Elevator installers and repairers work on existing elevators that are malfunctioning in order to repair them, as well as install new elevators. Beyond elevators, they also often work on escalators and moving walkways. To become an elevator installer or repairer, you will need to complete a 4-year apprenticeship program to learn directly from a professional. During an apprenticeship program, apprentices usually make around 50% of the salary of a trained installer or repairer, or around $39,445 (BLS). However, apprentices who are also certified welders may qualify for more money during their apprenticeship.

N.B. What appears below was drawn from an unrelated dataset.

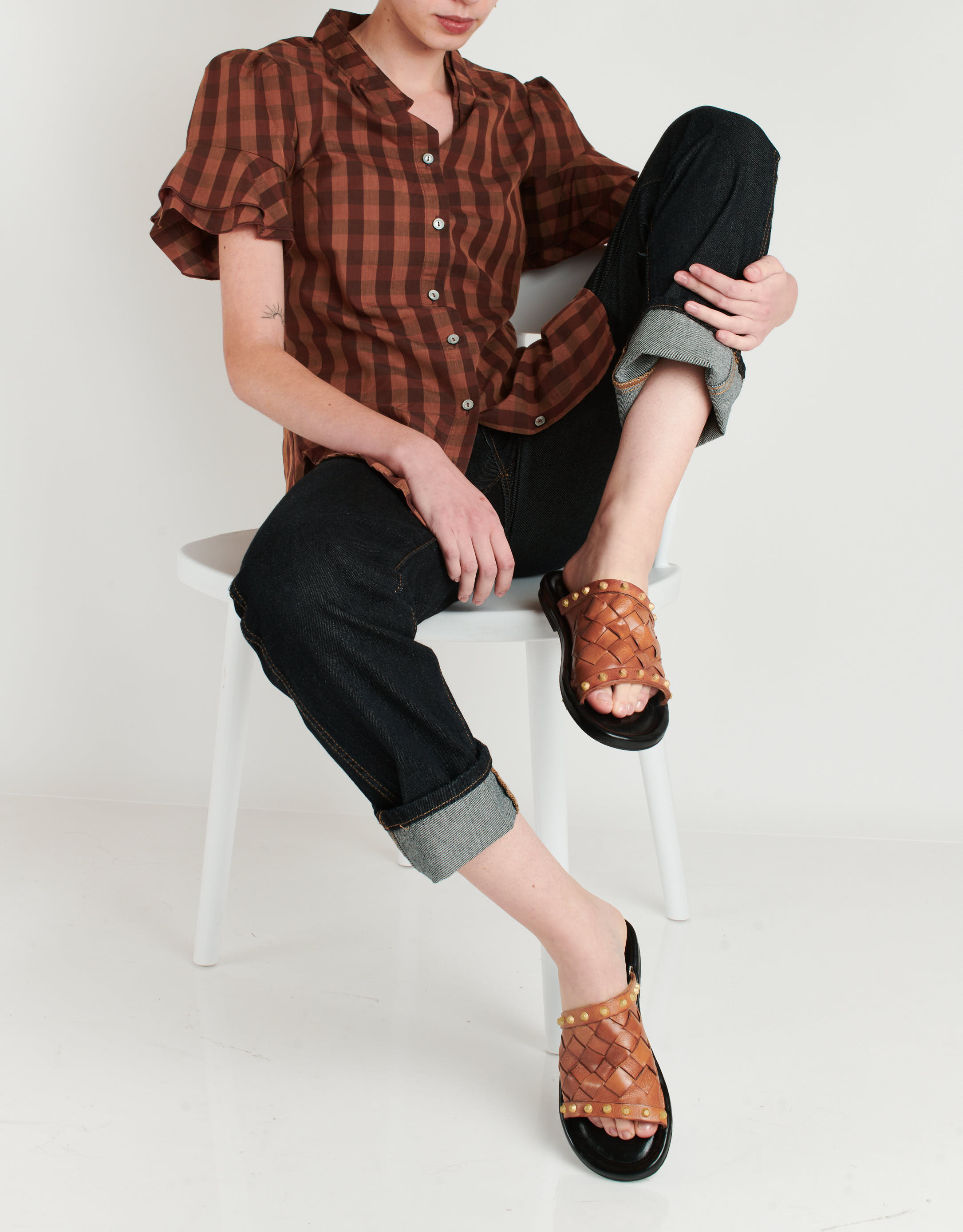 נעלי נשים - A.S. 98 - כפכפי עור קלועים YOU - קאמל4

Plumbers/Pipefitters/Steamfitters

One key part of constructing a new home, business, factory, or many other types of structures is installing proper plumbing. Plumbers, pipefitters, and steamfitters all are involved in installing pipes of different kinds based on blueprints and building plans. These professionals also repair plumbing systems that are broken or malfunctioning in some way. Apprentices must complete 4 or 5-year apprenticeship programs, during which they will earn between 30-50% ($15-435-$25,725) of the salary for trained plumbers (BLS).

Ironworkers

Ironworkers are professionals who work with iron and steel in the construction and repair of structures made from these materials, like bridges and buildings. They must be able to connect pieces of iron and steel, properly reinforce them, and collaborate with other building professionals to make sure the job is done correctly and safely. To become an ironworker, you will need to complete a 3- to 4-year apprenticeship. Fully trained ironworkers made a median salary of $47,200 in 2016, while apprentices made between 50-55% of that rate, or around $23,600-$25,960 (BLS).

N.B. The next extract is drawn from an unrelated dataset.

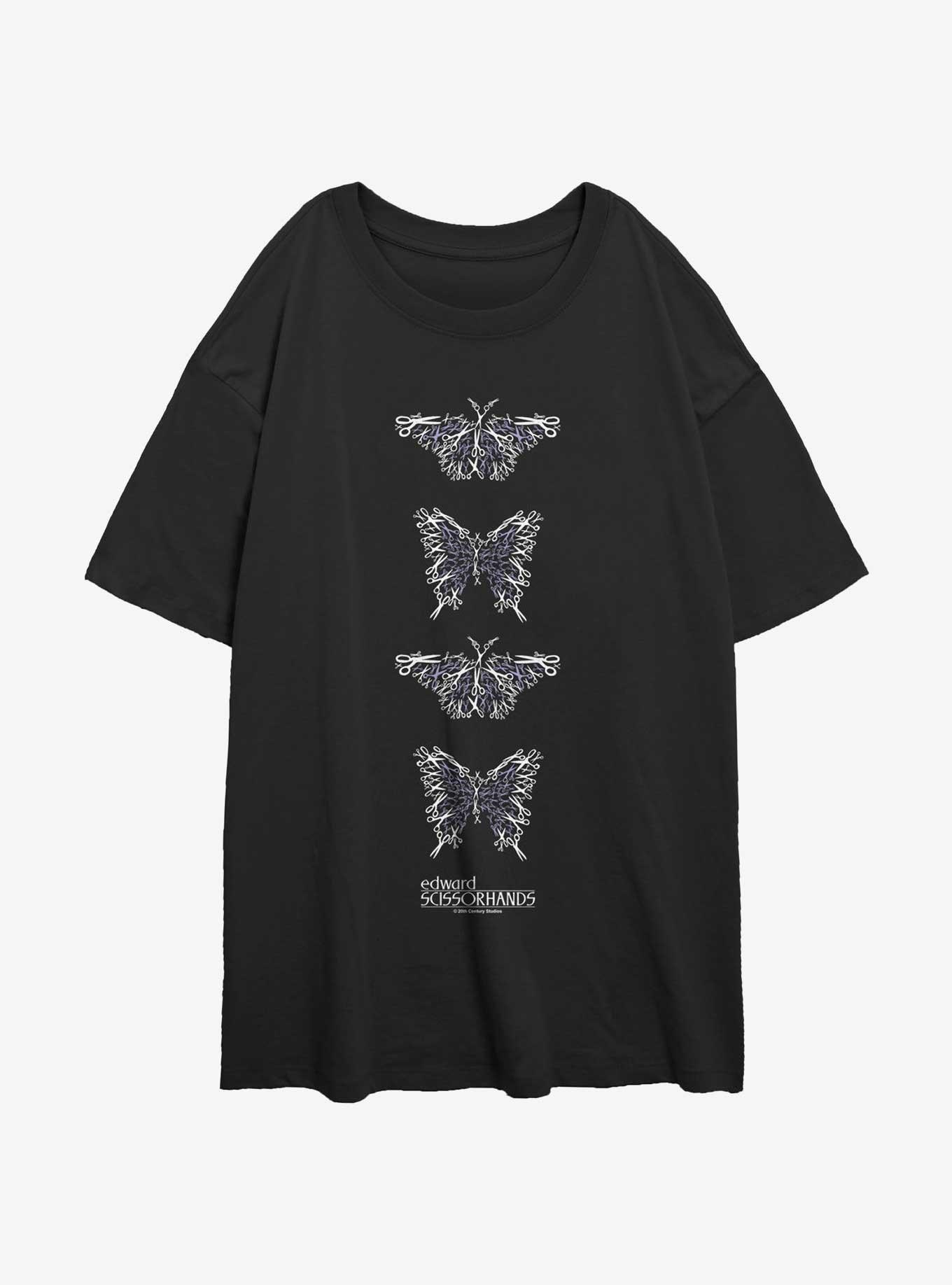 Edward Scissorhands Edward Butterfly Womens Oversized T-Shirt, BLACK, hi-res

Machinists/Tool and Die Makers

As a machinist, toolmaker, or die maker, you are responsible for manufacturing different types of tools and instruments using various pieces of machine tools. In order to do this, you must be able to read blueprints and design plans and know how to operate machinery. To learn this trade, you have the option of completing an apprenticeship program that lasts several years. During this time, your pay level would be directly related to your level of skill. As these fully trained professionals made a median salary of $43,160 in 2016, you could expect to make a salary somewhere below that point.